Practical Portaging Maximizes Paddle Time
I’ve been reading and enjoying paddling.com for about 2 years now after I discovered it while studying paddle sports via the internet one evening. Last summer my wife caught the paddle bug and now we’re both regular paddlers. We recently enjoyed our first extended kayak trip to Isle Royale National Park, Michigan located in the northern part of Lake Superior about 17 miles south of Thunder Bay, Ontario, Canada.
An inescapable truth about paddling Isle Royale is the need to portage; especially if you want to discover the serenity and untouched terrain of the many inland lakes, countless bays, channels and islets that pepper the island. Since we wanted to maximize our paddle time by minimizing the time on portage, we knew we had to develop a plan. After all, going into the back country for 8 days should be spent enjoying the sights and sounds of nature, not laboring back and forth over portages carrying heavy gear.

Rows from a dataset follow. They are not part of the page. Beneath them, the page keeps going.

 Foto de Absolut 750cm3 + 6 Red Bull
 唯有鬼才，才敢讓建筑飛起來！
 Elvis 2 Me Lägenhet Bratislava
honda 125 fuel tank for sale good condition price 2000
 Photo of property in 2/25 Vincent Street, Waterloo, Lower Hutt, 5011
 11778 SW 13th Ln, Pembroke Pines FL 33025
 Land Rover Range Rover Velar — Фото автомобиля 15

A pre-trip mock-up of our fully loaded kayaks revealed that each craft weighed in at roughly 85 pounds. The 85 pounds included our tent, sleeping bags/pads, food, cooking implements, water, extra clothing, first aid, PFDs, skirts, paddles and the kayaks. Carrying 170 pounds between two people was going to be difficult. With the longest portage at 2.4 miles, making two trips would require us to dedicate an entire day just to manage one portage. My wife and I are both mechanical engineers and typically practical problem solvers. With a problem to be solved we found ourselves in familiar territory.
We first decided that during portage we would relocate our gear from the boat to a more reasonable location. We decide that the small additional weight of our old external frame packs was worth taking along so we use them to carry the heaviest gear. With the heavy gear securely loaded in the frame packs the boats were much lighter. We tried carrying the boats by each holding a handle on the bow/stern of each boat. That is, we walked single-file with my wife holding the two bow handles and me holding the two stern handles. This worked well enough, but after only a short time with the weight bearing down our hands were cramped and the boats felt heavy. Meanwhile I noticed that the pack on my back was far less of a strain since the weight was concentrated at my hips and secured by a comfortable suspension system.

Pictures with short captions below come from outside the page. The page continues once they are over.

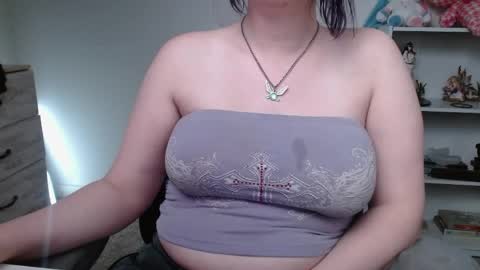 Snapshot of krystalsyxx chatting on April 23, 10:12 pm Krystal Syx online show from April 23, 10:12 pm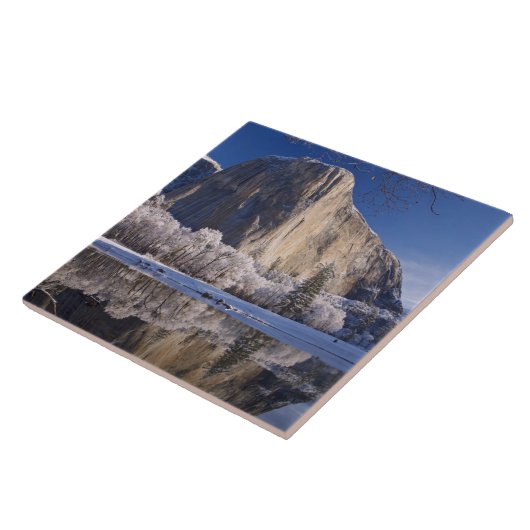 El Capitan neemt de rivier de Merced over in 2 Tegeltje (Zijkant)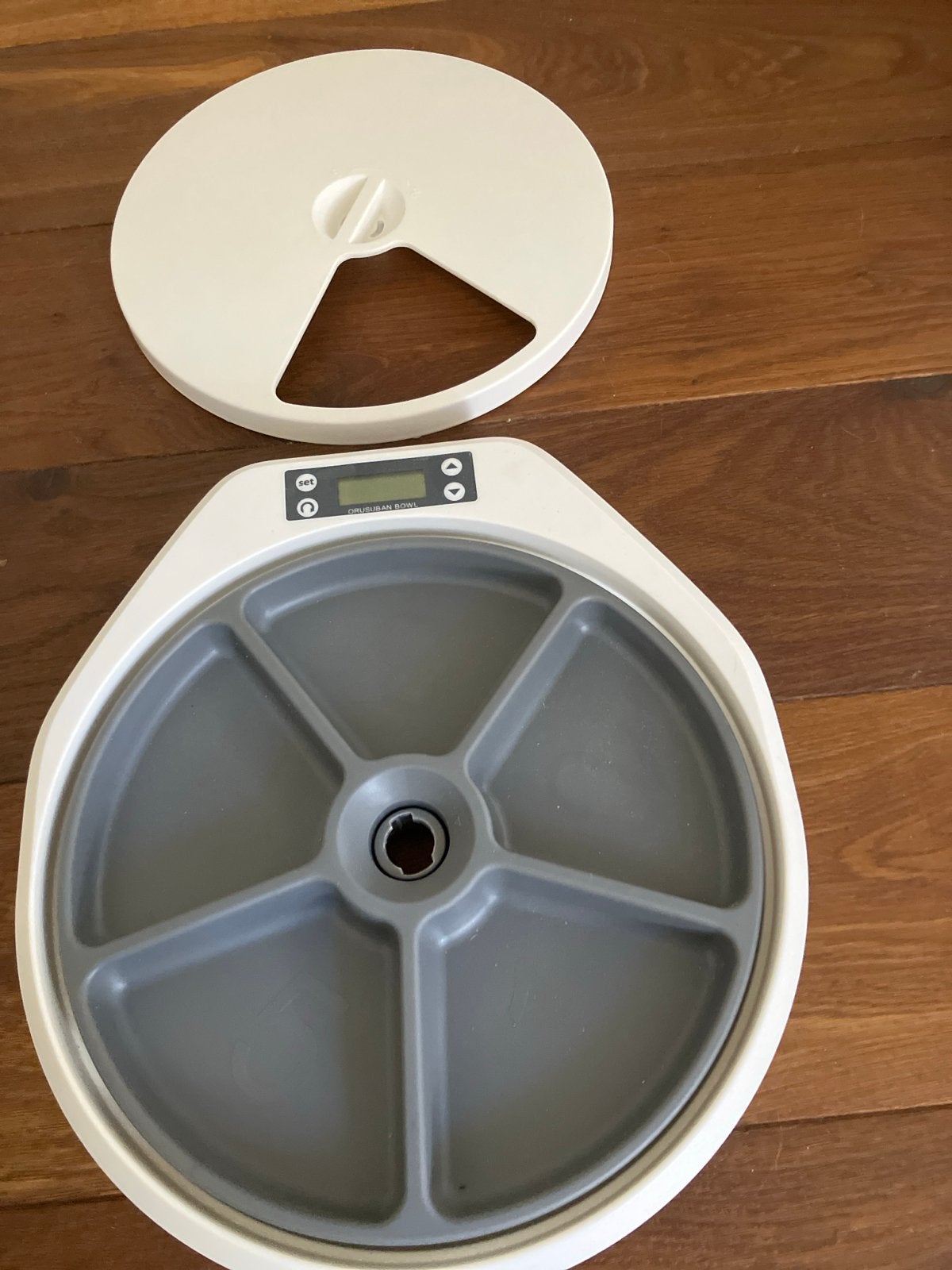 Automatische voerbak, Ophalen, Gebruikt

That’s when the light came on. Why not devise a way to transmit the load of the kayaks to the backpack fames, thereby carrying the load on our hips and shoulders? With a length of ½” deck roping I fashioned a rope with a secured loop on each end. Then I tied two fixed loops equidistant from the center that could loop over the frame bars at the tops of our packs. To adjust the length of the ropes we wrapped the rope around the middle cross support bar of the pack frame. The outcome was that we could kneel between the two kayaks and loop the carry handles through the rope loops. Upon standing up, the weight of the kayaks was suspended by the rope and transmitted to the frame pack relieving our hands and arms of the burden.
So it worked great out in our yard, but would it hold up to the rigors of backcountry portage? Yes, the plan was a success! We were able to cover all but the very steepest of portages just once, and keep a decent hiking pace (1.5 to 2 mph) over land. When faced with a short paddle across a tiny lake, we used the bungee cords on the rear bulk head of our crafts to secure the entire frame packs. On longer paddle opportunities, we broke everything down and stored the gear below deck for a better balanced and less encumbered paddle.
With beautiful Isle Royale paddling on the each side of each portage, who wouldn’t want to maximize their paddle time!